尾崎豊
先日NHKの番組で、”十代のカリスマ、尾崎豊”の番組をやっていた。名前は聞いたことがあったが、彼について私はよくは知らなかった。彼がどういう人物だったか、番組を見て少し理解した。思春期の思い、それは大人に対する反抗であり、世の中の矛盾に対するやるせなさであり、自分が何もできないことに対する苛立ちであり、将来に対する漠然とした不安であり、自己主張したい自我の行き所のない葛藤であり、これらの入り混じった感情がぐるぐると自分の中で回って、出口を探している状態。

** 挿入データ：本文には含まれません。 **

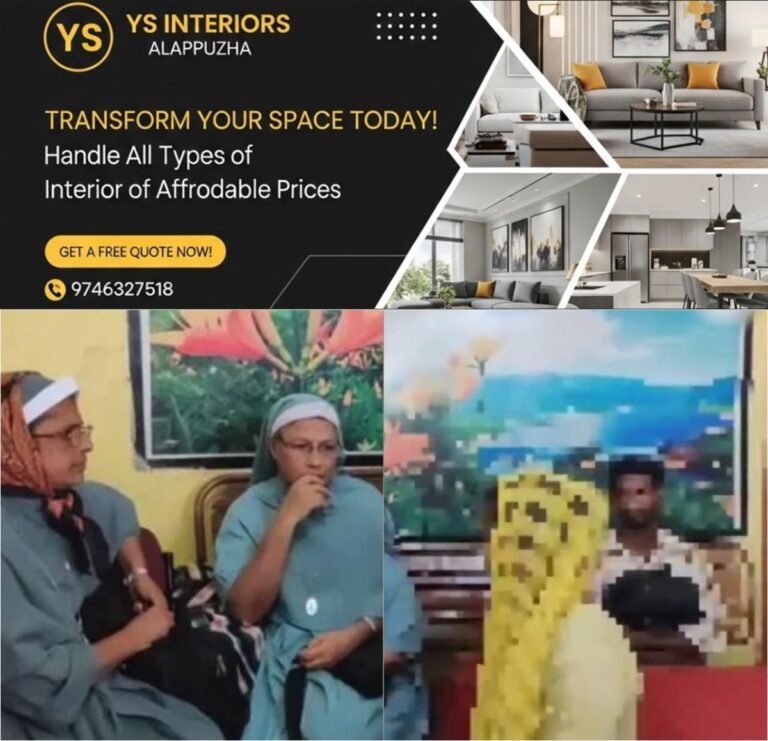 newskerala.net_1754096581_w-1280h-720format-jpgimgid-01k1gg5bjdbjp61x8z4x9txp97imgname-fotojet-2025-07-31t203319.155-175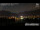 Webcam in Saalfelden am Steinernen Meer, 8.6 km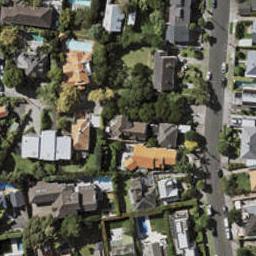 6B Dempsey Street, Remuera, Auckland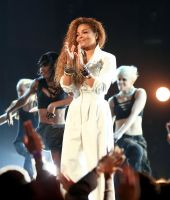 2015_BETAwards_01.jpg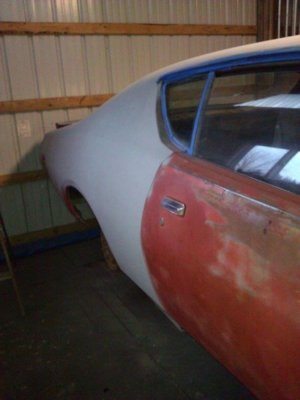 WP_000878.jpg WP_000878.jpg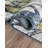 Aamia Abstract Area Rug-1666351815-1643207188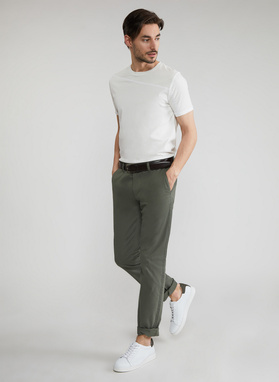 Vyriškos kelnės P22SB-WX-011-Z-0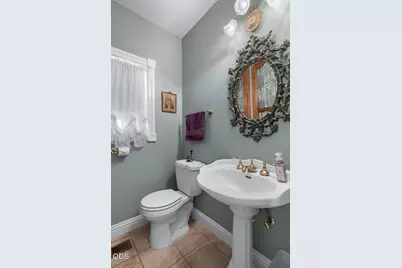 4303 Tami Lane, Central Point, OR 97502 - Photo 16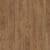 Warm Limed Oak
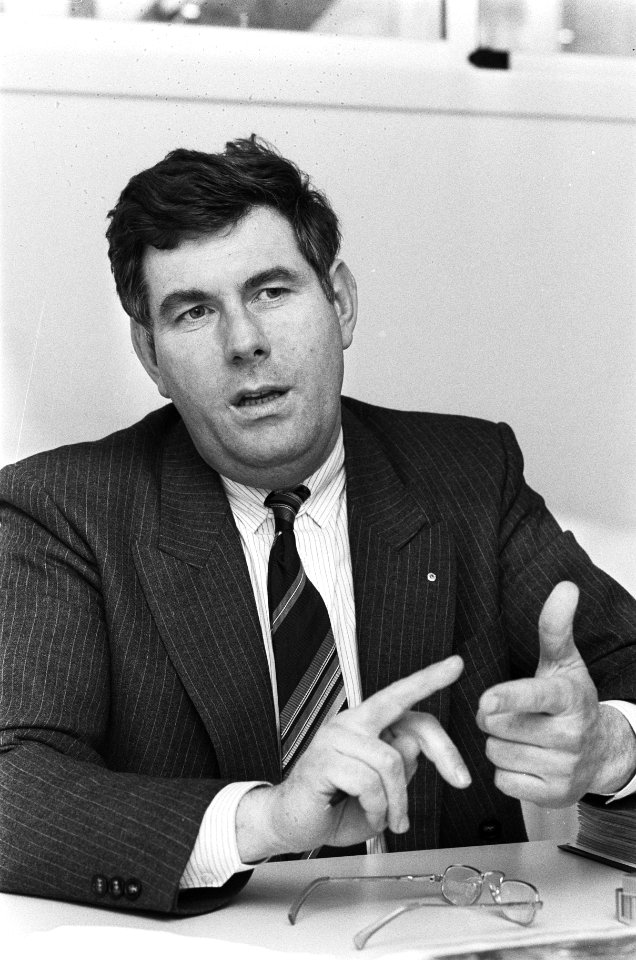 Nationaal Archief, Bestanddeelnr 933-5373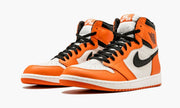 Air Jordan 1 Retro High OG “Reverse Shattered Backboard”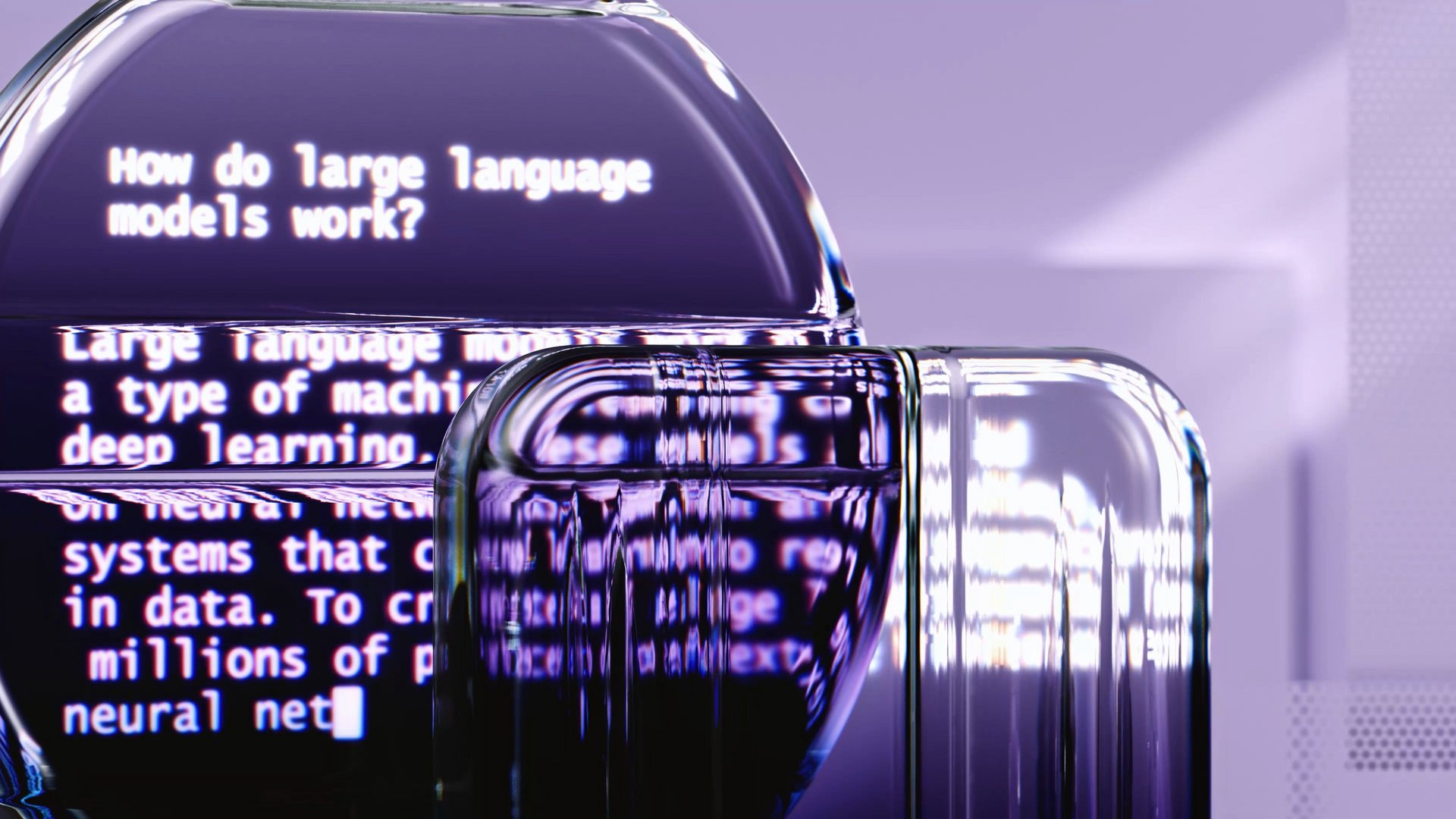 image Guidelines are crucial for secure AI system development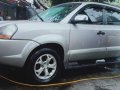 Hyundai Tucson 2009 for sale -0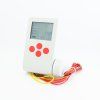 toro tempus dc lcd 0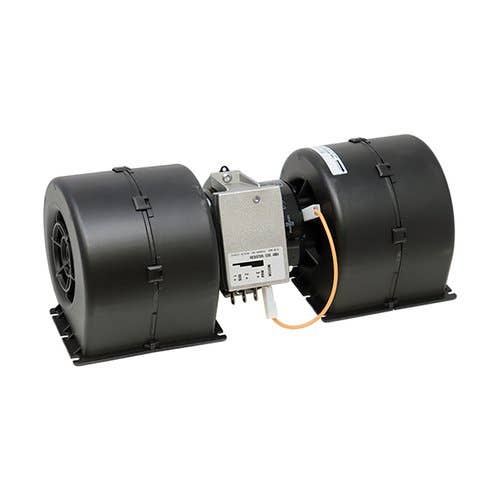 193786 | Blower Motor | Case IH DX40 DX45 DX48 DX55 DX60 Farmall 40 Farmall 45 Farmall 50 Farmall 55 Farmall 55C Farmall 60 | New Holland Boomer 3040 Boomer 3045 Boomer 3050 Boomer 4055 Boomer 4060 T2310 T2320 T2410 |  | 87527163 | 87527163 | 87527163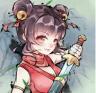 暴走英雄坛 v3.3.0 百度版本下载
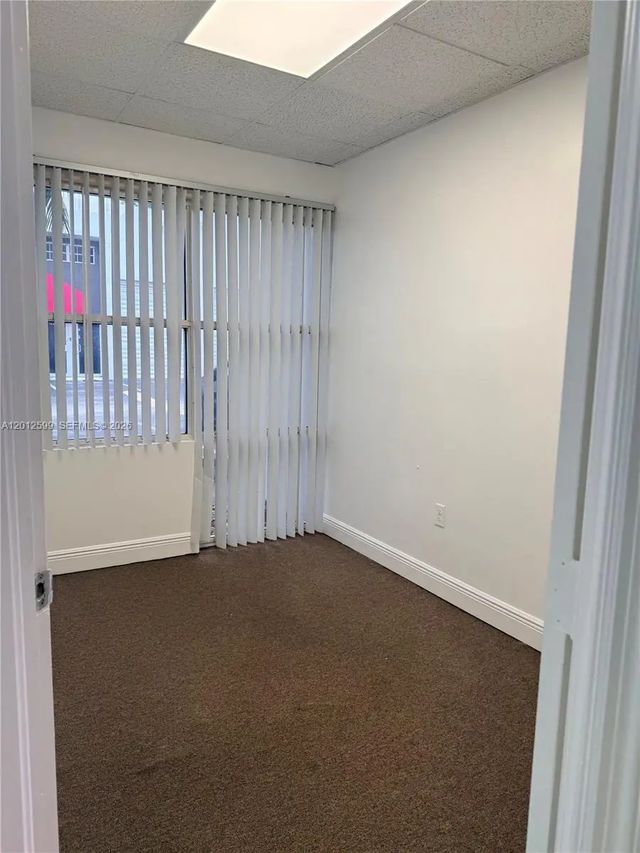 3 of 12 - 12311 Sw 133rd Court #23, Miami, FL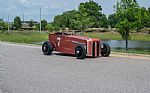 1927 Roadster Thumbnail 7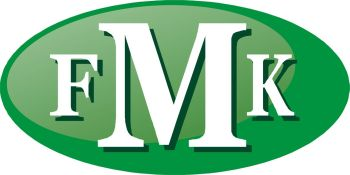 FMK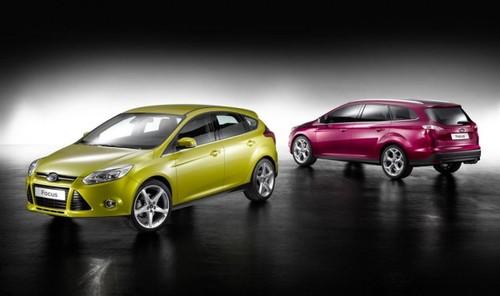 ������ͬ�Ɏ� 2011�����˹���а�����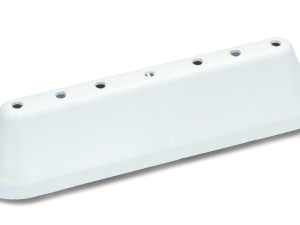 REBRO BUBNJA VEŠ MAŠINE VESTEL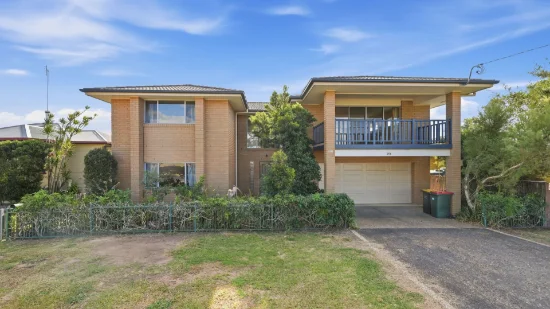 35B Cranworth Street, Grafton NSW 2460-Image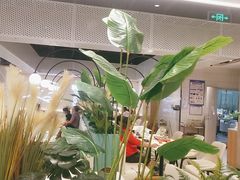 -川人百味·水煮活鱼(赛罕万达店)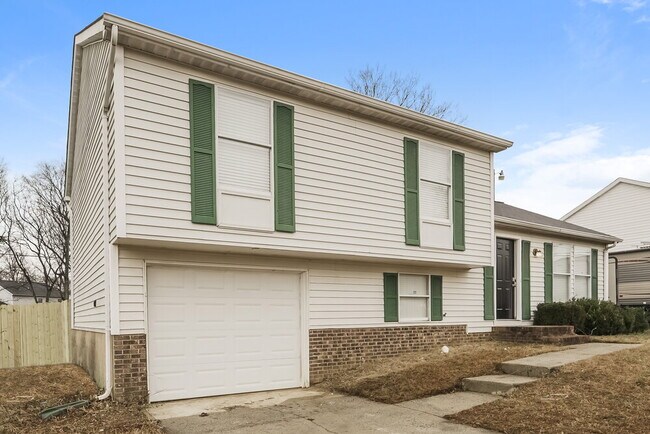 Photo - 10925 Magenta Ln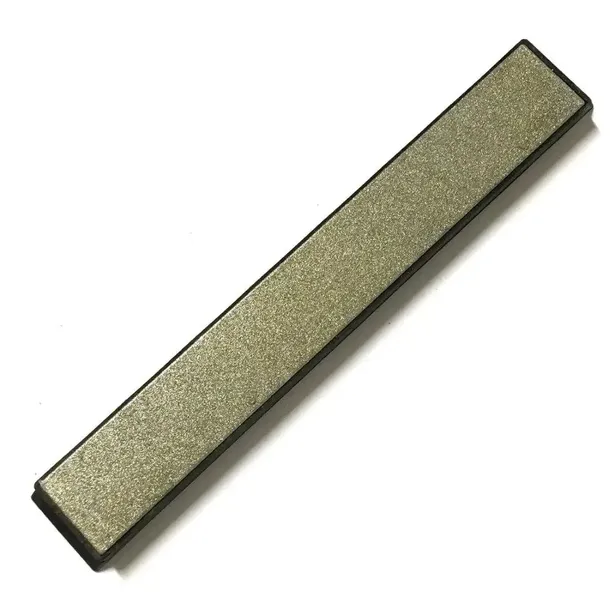 kamien-diamentowy-200-do-ganzo-touch-pro-stan-nowy-gradacja-200-400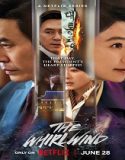 Nonton Drama The Whirlwind 2024 Subtitle Indonesia Poster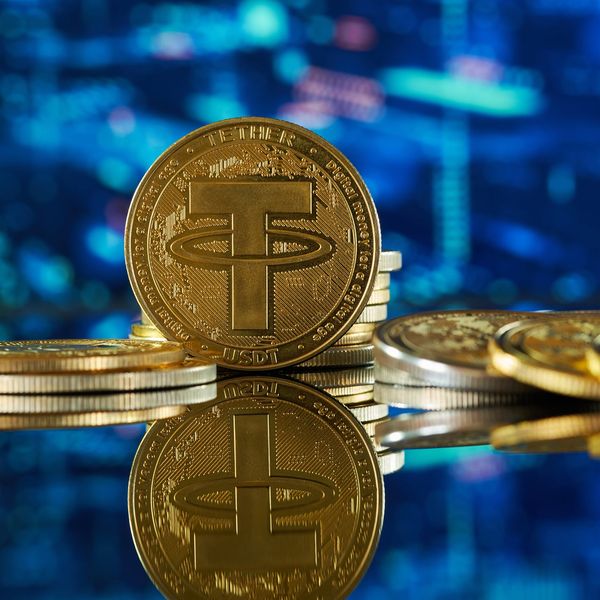 Trendovi koje kripto investitori ne smiju ignorirati u 2026. godini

彼は歌にそれをぶつけた。19歳の時のコンサートを中心に番組は編成されていたが、19歳とは思えぬふてぶてしさと、逆にとても幼稚な横顔とある種きちがいかと思うような目つきが交錯していた。その様子から、その後の彼の人生の終末は予測できるようだった。誰でも思春期の頃は、大小は別として彼のような心情を持つものだ。彼の場合、結果としてそれを克服して大人になれなかった・・・ということか。確かにその純粋さは素晴らしいのかもしれないが、人間、純粋すぎるときっと生きてゆけなくなるのだろう。哲学者や文学者で純粋に人生を考えすぎて、死んでしまう人も結構いる。私はいつの頃に、この純粋人間からいわゆる”大人”へと変身したのだろうか?
もちろん徐々に変わっていったのだろうけれど、「大人になるということは、純粋ではなくなることではない」と私は思う。いや、今だから思える。昔は私だって、「大人はずるい!とか、汚い大人になんかなりたくない」と思っていた時が確かにあった。しかし、汚くない大人にもなれるのだと言うことがわかるようになった。そういう若者を幻滅させない大人にならなくてはいけない。今思えば、あの思春期の頃のような純粋さが懐かしくもあるが、うらやましくはない。今は、ただそこから堕落したのではなく、進歩していると思える、より人生の意味を理解できている(その頃より)と思えるから。その頃は人生の意味を求めてあえいでいた。
思春期の”純粋”かもしれないが幼稚な思いは、色々な体験を通して、”本当に感謝できる心”を持てるようになった時に進化し、”純粋だけれど大人”という状態になれるのだと思う。